Authorization for punitive strikes against the Syrian government proceeds slowly through the US Congress, and France's line, while hard, isn't unilateral. Cyber operations will figure prominently in any punishment of the Assad regime, as they figure prominently in the regime's defense: offensive cyber operations seem increasingly overt.
Widespread hacktivism, patriotic cyber-rioting, and deniable but state-controlled hacking invert the old progressive bumper-sticker: their participants think locally, but act globally. This represents a trend with which businesses must henceforth cope.
Last week's spike in Tor usage now appears (as suspected) to be botnet-driven, but interest in anonymizing products and services remains high, as shown by offerings and R&D. Noteworthy are Toshiba's announcement of a quantum cryptography breakthrough, and the ambitions of Estonian crypto startup Guardtime.

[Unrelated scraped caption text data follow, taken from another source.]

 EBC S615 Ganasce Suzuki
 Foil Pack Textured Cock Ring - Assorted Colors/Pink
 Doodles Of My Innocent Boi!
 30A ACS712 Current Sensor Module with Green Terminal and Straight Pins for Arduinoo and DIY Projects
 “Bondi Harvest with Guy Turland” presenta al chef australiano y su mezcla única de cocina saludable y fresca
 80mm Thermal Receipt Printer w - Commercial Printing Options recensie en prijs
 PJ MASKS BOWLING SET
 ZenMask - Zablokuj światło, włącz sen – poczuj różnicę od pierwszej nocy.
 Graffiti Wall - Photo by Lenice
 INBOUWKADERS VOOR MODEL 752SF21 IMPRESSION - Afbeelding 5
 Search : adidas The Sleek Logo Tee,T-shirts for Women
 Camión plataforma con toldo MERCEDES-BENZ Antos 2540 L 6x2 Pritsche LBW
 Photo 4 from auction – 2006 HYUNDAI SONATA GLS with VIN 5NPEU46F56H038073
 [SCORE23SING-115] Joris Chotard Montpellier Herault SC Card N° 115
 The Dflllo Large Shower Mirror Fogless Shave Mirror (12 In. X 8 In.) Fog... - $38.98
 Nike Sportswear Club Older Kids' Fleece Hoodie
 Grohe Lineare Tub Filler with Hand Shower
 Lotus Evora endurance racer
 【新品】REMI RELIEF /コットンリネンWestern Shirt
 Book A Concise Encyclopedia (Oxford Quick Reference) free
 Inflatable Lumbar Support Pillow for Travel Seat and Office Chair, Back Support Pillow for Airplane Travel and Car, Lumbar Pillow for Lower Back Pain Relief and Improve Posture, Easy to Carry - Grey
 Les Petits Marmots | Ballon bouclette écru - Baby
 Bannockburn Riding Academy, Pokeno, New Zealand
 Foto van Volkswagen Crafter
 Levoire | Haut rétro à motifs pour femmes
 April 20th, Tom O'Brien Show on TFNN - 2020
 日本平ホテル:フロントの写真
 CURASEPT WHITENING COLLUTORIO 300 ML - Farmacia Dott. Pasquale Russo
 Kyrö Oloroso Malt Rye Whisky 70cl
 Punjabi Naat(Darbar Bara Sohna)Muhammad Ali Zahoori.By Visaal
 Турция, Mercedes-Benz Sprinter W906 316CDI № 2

Government interception of Internet communications is a global phenomenon, and one needn't consult Wikileaks to know that industry plays a large role in providing this capability. (Still, if you're interested, Wikileaks has released industry-focused files—FinFisher features prominently.)
Several cybercrime exploits are active, including an aggressive social engineering campaign against French-based multinationals, the Obad.a Trojan (which exploits mobile botnets in novel ways), and Hesperbot (a banking Trojan with Zeus-like functionality, but representing a new malware family).
Banks worry about man-in-the-browser attacks. Banks and brokerages indeed have cause for concern over cybercrime, since it appears that they tend to bear its costs.
BlackBerry beefs up enterprise-security credentials as it prepares to sell itself by November.
The US Justice Department will release many FISC documents by next Tuesday.